Thin film growth: All perovskite oxide layers were grown by pulsed laser deposition (PLD) using a KrF excimer laser (λ = 248 nm). Prior to film growth, a SrTiO3 (100) single-crystal substrate was etched with a buffered hydrofluoric acid etchant and annealed at 1000 °C for 1 h to form a Ti-terminated surface. SrRuO3 and Ba0.5Sr0.5TiO3 perovskite oxides were grown in an oxygen atmosphere at a working pressure of 100 mTorr. During PLD, the substrate temperature was maintained at 700 °C. The thicknesses of the bottom electrode, dielectric layer, and top electrode were fixed at 30, 10, and 50 nm, respectively. To engineer the interface between the bottom electrode and the dielectric layer, SrRuO3 bottom electrodes were grown with repetition frequencies of 2, 5, and 10 Hz. Subsequently, the Ba0.5Sr0.5TiO3 dielectric layer and SrRuO3 top electrode were grown at an identical frequency of 10 Hz.
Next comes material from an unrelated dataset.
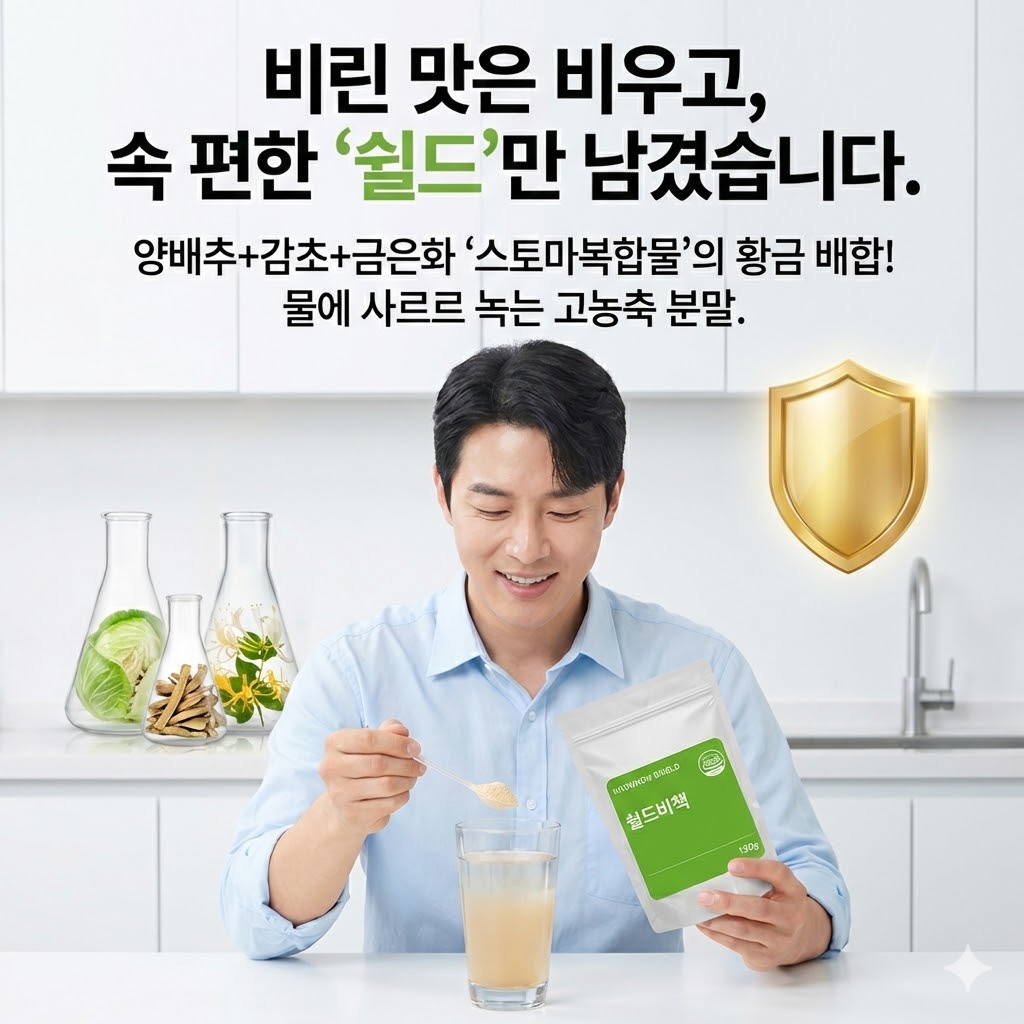 마시는 속편한 별건강소 쉴드비책 양배추 감초 금은화 스토마 복합물 분말 가루 이미지 4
Structural and electrical characterization: AFM, XRD, and the Van der Pauw method were employed to confirm that the SrRuO3 bottom electrodes fabricated at different repetition frequencies were of high quality. The microstructure of the epitaxially grown SrRuO3/Ba0.5Sr0.5TiO3/SrRuO3 capacitor was characterized by cross-sectional HAADF-STEM. The engineered interface between the SrRuO3 bottom electrode and Ba0.5Sr0.5TiO3 was analyzed by HAADF intensity profiling. All top SrRuO3 electrodes were defined by patterning with a Ti/Pt hard mask. Temperature-dependent C–V and I–V characteristics were determined using a probe station with a grounded bottom electrode and a biased top electrode.

Band structure predictions (DFT): Density functional theory calculations were performed with VASP using PAW potentials and the PBE exchange-correlation functional. A Hubbard U correction (GGA+U) with U = 4.0 eV was applied to Ti d electrons. The plane-wave energy cutoff was 600 eV. A 3×3×3 SrTiO3 supercell (cubic perovskite) and a 3×3×3 Monkhorst–Pack k-point mesh were used. The supercell was fully relaxed (force convergence 0.001 eV/Å), giving a lattice constant a = 3.904 Å. Four defect configurations were modeled: oxygen vacancy (VO), Ru substitution on Sr site (RuSr), and two coexisting VO+Ru cases with distant (≈5.856 Å) and adjacent (≈1.952 Å) separations. Defected supercells were relaxed at fixed volume. Spin-polarized DOS were computed to analyze defect-induced in-gap states.

• Interface engineering via lowering the PLD repetition frequency for the SrRuO3 bottom electrode produced an atomically smooth, pit-free, and more stoichiometric surface, suppressing interfacial defect formation and Ru diffusion into Ba0.5Sr0.5TiO3.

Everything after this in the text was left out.